Le Groupe Besnier, comme toute l’industrie laitière européenne, voit dans ces mesures une limitation dans ses capacités d’exportation et une difficulté à défendre les positions conquises en Europe de l’Est, marchés où le prix du lait est deux fois moins élevé que dans les pays de l’Union européenne. Devant ce risque et pour protéger ses marchés, le Groupe décide d’étudier l’implantation d’unités de production dans les pays importateurs.
La première condition pour implanter une laiterie est de s’installer dans un pays où il existe une production laitière en quantité et qualité suffisantes et que cette production soit effective tout au long de l’année. C’est à partir de cette première condition que Besnier s’est lancé dans une prospection des différents pays d’Europe de l’Est, avec le projet de trouver un partenariat pour implanter une unité de fabrication de beurre et de caséine alimentaire.
Après deux années d’études de la filière laitière dans différents pays de l’ex-Union soviétique, nous avons retenu l’Ukraine, et plus précisément la région de Nikolaïev, pour tenter une première expérience. Ce choix, après s’être appuyé sur des considérations laitières, a été largement guidé par la qualité du partenaire retenu, son autonomie de décision et sa volonté de s’ouvrir à la mondialisation de l’économie et aux concepts laitiers de Besnier.
Nikolaïev est une ville de 600 000 habitants, située sur l’estuaire du Bug au bord de la mer Noire. Cette ville, fondée par le Tsar Nicolas II, empereur de Russie, abritait les plus importants chantiers navals de l’ex-Union soviétique à des fins militaires. À ce titre, elle était une ville fermée et ne recevait que des hommes d’État ou des représentants de la gent militaire qui visitaient les chantiers navals.
La région de Nikolaïev n’était sans doute pas idéalement placée sur le plan de la climatologie pour être une région à caractère très laitier. En revanche, elle disposait d’un combinat laitier privatisé, récemment construit et mis en service, et se trouvait en outre assez éloignée de Tchernobyl pour ne pas avoir été touchée par le nuage radioactif. De plus, et c’est un aspect non négligeable, Nikolaïev est placée à 130 km d’Odessa, troisième ville d’Ukraine, qui dispose d’un aéroport international avec des liaisons aériennes journalières vers l’Europe de l’Ouest.

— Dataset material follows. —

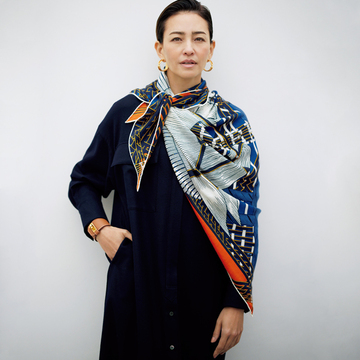 【エルメスの柄スカーフ】グラフィカルな一枚を装いのアクセントに！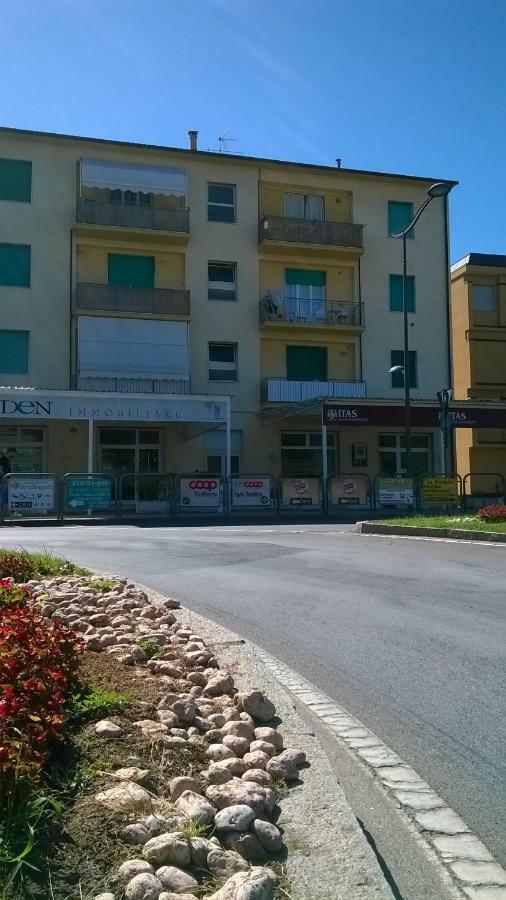 Noemi Apartment San Vincenzo Exterior photo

Après deux années de négociations et d’approches administratives, c’est en 1995 que l’accord de partenariat est signé et qu’est décidée la formation d’une joint venture Besnier Ukraine dont le capital se répartit à 51 % Besnier, 45 % Combinat Laitier de Nikolaïev et 4 % pour divers partenaires ukrainiens. Au départ, la joint venture devait n’occuper qu’une partie de l’usine et se spécialiser dans la fabrication de beurre et de caséine alimentaire, conformément à nos objectifs initiaux.
Une fois l’accord des différents partenaires obtenu, il ne reste plus qu’à faire toutes les démarches administratives et juridiques pour créer cette société. C’est là que les choses commencent à devenir un peu plus compliquées car si le pays affiche une volonté de libéraliser son économie, les structures administratives et juridiques continuent à fonctionner selon les règles et la législation de l’ancien régime.
Le libéralisme reste à l’état d’annonce ; il n’a toujours pas réellement pénétré le pays. C’est la valse des tampons, des signatures et des nombreuses démarches auprès de l’administration afin d’obtenir les autorisations indispensables. Il s’agit là d’un processus long, tatillon et pour nous, décevant.
Après plusieurs mois d’efforts, nous parvenons, en 1996, à réunir l’ensemble des documents, tampons et signatures des différentes autorités pour constituer la société Besnier Ukraine. Entre-temps, notre optimisme habituel nous ayant fait sous-estimer les délais d’autorisation, nous avions commencé la rénovation des installations industrielles et les travaux d’investissements étaient terminés lorsque la société a été constituée officiellement. Nous avons donc pu commencer la production industrielle dès l’obtention de l’enregistrement.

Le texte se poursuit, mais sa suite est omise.